If some of the control words introduced by the MEC3 are not desired, their read-out can be disabled individually.
Channel calibration
In order to fully characterize and monitor each detector channel some testing modes have been introduced. In the flash mode the chip will, from a pre-set time, capture 128 consecutive samples, thus allowing for the study of the channel background. In the single-shot mode the MEC3 will store 128 consecutive samples when a pulse has been detected, thereby showing the complete response of the detector/shaper/ADC chain.
DEMONSTRATOR CHIP
The implementation of the MEC architecture described in this paper is intended as a demonstrator of the concepts used in the architecture. In a real experiment parts of its functionality may not be needed, or additional specialized circuitry may need to be added. All functions described can optionally be disabled in the demonstrator chip, thus giving a very high level of flexibility in operation.

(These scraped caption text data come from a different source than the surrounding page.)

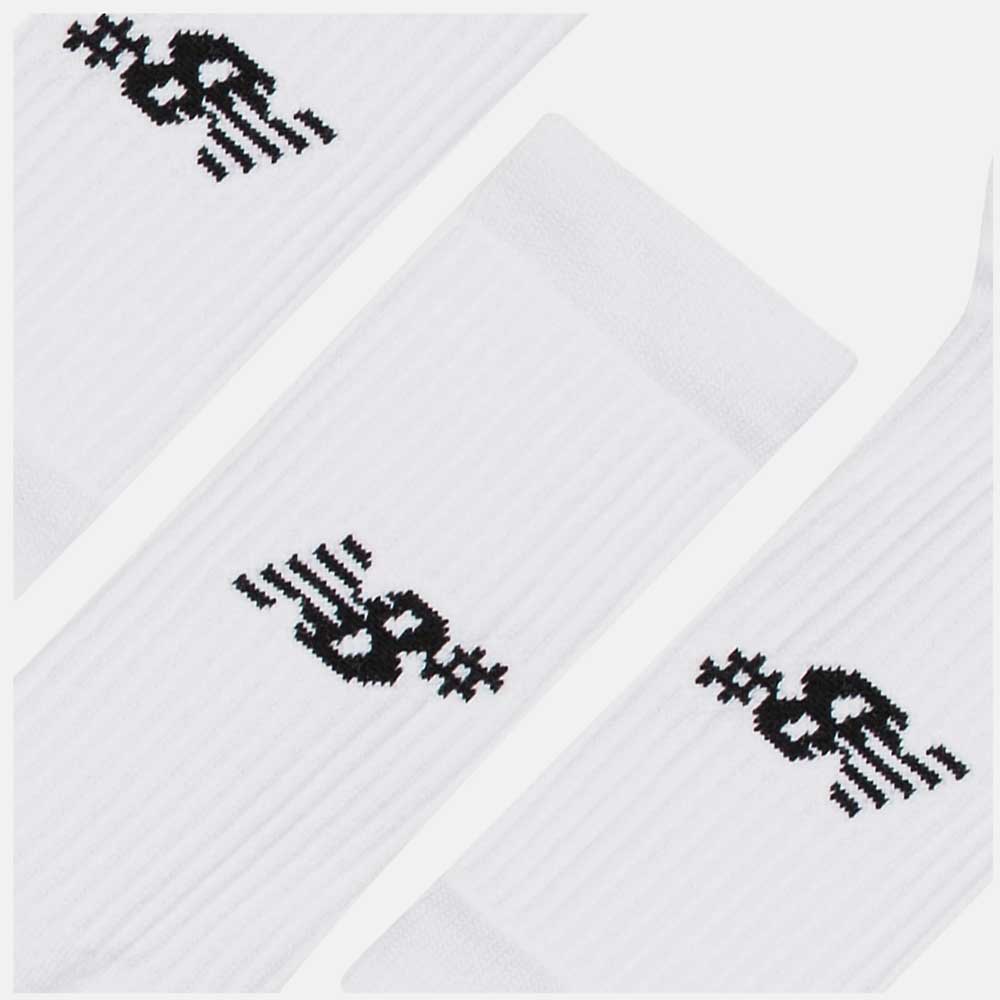 The New Balance Numeric 3 Pack Socks White AC0048UWT features three white skater socks, each with a black dollar sign and motion lines on the side, plus a cushioned foot bed for comfort.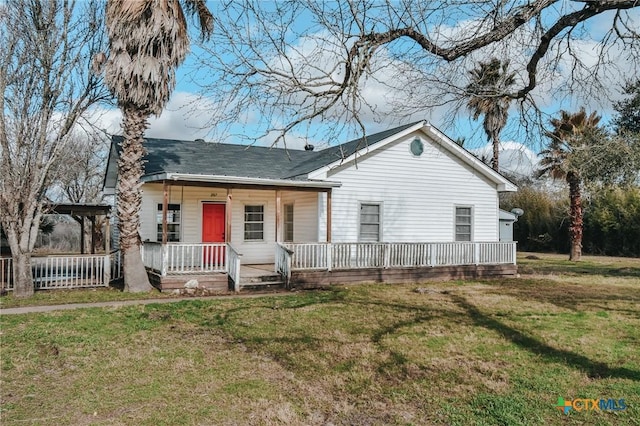 view of front facade with covered porch and a front lawn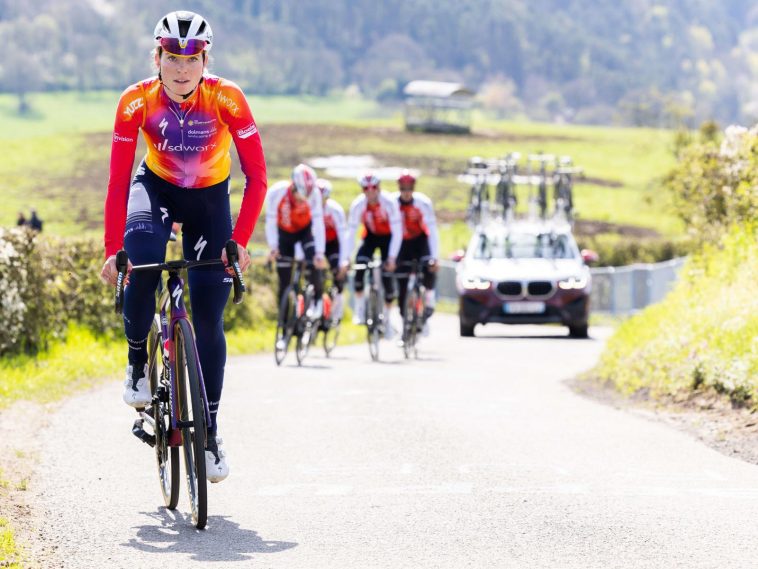 découvrez vollering, marque liège, et revivez la performance impressionnante de blasi, 5e aux ardennes. infos, actualités et détails sur cette réussite sportive.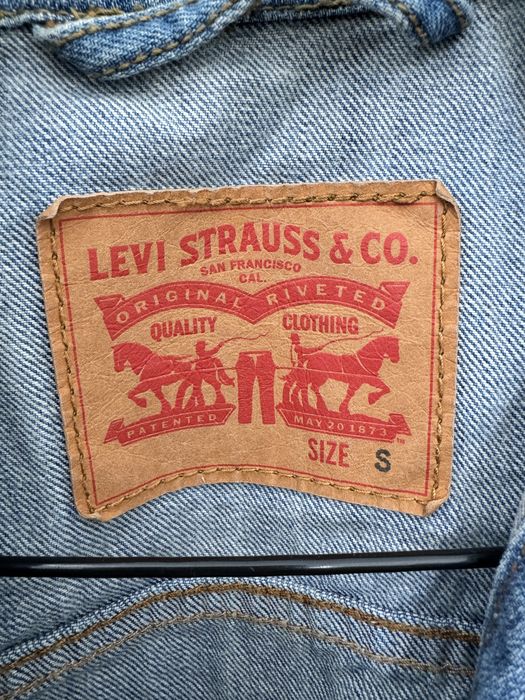 Vand geaca/jacheta din denim Levi’s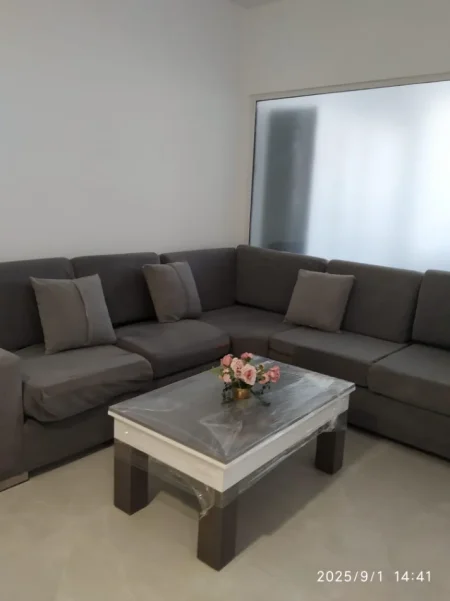 Tirane, jepet me qera apartament 2+1+Ballkon Kati 6, 100 m² 650 € (KRYQEZIMI 21 DHJETORI)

The demonstrator chip features a wide data path of 12 bits and has some redundant functions that are introduced for the completeness of the demonstration. This has resulted in a fairly large silicon usage, but the 40 MHz clock rate is still attainable.
The event buffer, in this implementation, was designed to store up to eight pulses, which is enough buffering for the first-level trigger latency in a typical experiment.
The demonstrator chip has been fully simulated in Verilog HDL and has been completely mapped into schematics using a 1.0 µm CMOS standard cell library from ES2. Placement and routing has also been performed, resulting in a silicon area of 55 mm 2 . Prototypes are expected by the end of 1994.
FUTURE DEVELOPMENTS
After complete testing of the prototypes, we aim to test the MEC3 chip against real data from a calorimeter, in order to prove the functionality introduced by this architecture.
In the future, with a better knowledge of the needs of a particular experiment, a new chip can be designed. This can be specifically tailored for the application taking into account issues such as power consumption and radiation hardness.
Several channels can be merged into a single chip, depending on the functionality required, further reducing the off-chip communication.
Higher clock speeds can be obtained simply by the redesign of some critical blocks and by introducing more pipelining into the signal paths of the zero suppression.